Unlike the GBC PPU, the NES PPU has only one color #0. There is space for 28 colors in CGRAM, which would in theory allow a separate color #0 for each separate background palette, but the PPU only ever uses the first background palette's color #0 when rendering is on.
FinalZero wrote:
In addition to the masking modes that Dwedit mentioned, the GBC supports background priority per tile.
Can one put background tiles on top of other background tiles?
This is possible only in a very limited way. On the GBC, one would use the "window", and on the NES, one would use mid-screen scrolling.
That way, one could easily create text boxes by just laying a new layer of "top"-mode tiles into the background, and then remove them when the text box is finished, thus not needing to recalculate the tiles that are where the text box was.

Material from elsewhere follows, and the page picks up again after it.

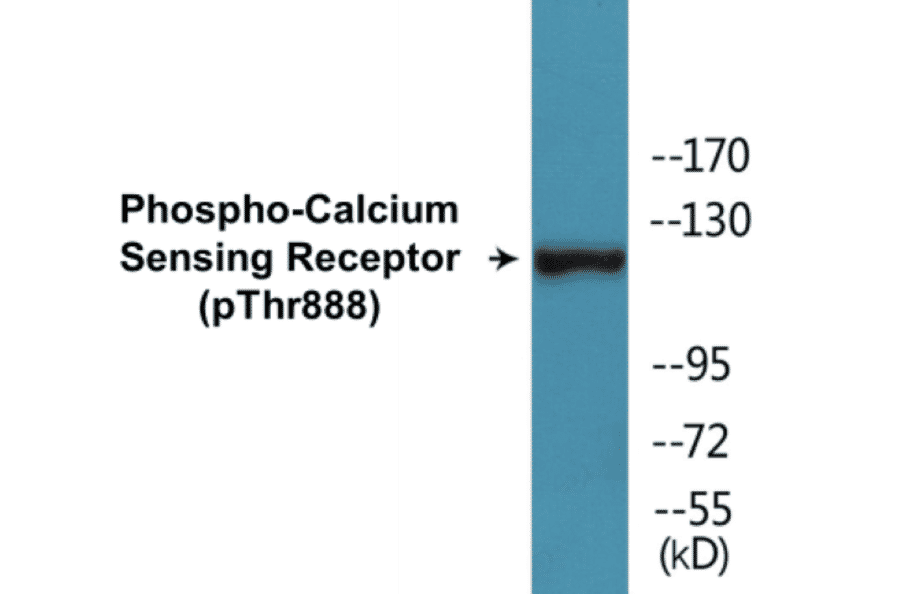 Western Blot - Calcium Sensing Receptor (phospho Thr888) Cell Based ELISA Kit (CBP1326) - Antibodies.com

Is it that hard to recalculate? You recalculate anyway when scrolling a background, unless you're doing a Zelda- or Battle Kid-style flip screen. And the GBC has a lot more work RAM than any licensed NES board, and more than any Famicom board short of SXROM, so you could probably just read the tiles out of VRAM, display your text box, and put them back.
The NES does not have this; it has to use either A. plain backgrounds surrounding an object (SMB1) or B. the triple-overlap effect (SMB3) to simulate this.
I don't understand the two things your describing here.
In the first Super Mario Bros. game for the NES, power-ups sprouting from blocks were drawn with back priority sprites. The tiles above a ? block were always solid color 0, and no water levels ever had ? blocks. Mario going into a pipe was likewise drawn with back priority sprites; notice how he disappears immediately when walking into the pipe at the end of 2-2, 7-2, and the water section of 8-4.

Super Mario Bros. 3 for NES couldn't always use this trick because powerups had to sprout behind the ? block but in front of occasionally more detailed background pieces, such as the dots in the background of a cave or the water in the back of a water level. So it used a back priority sprite appearing in OAM before the powerup to force background pixels to be drawn in that position.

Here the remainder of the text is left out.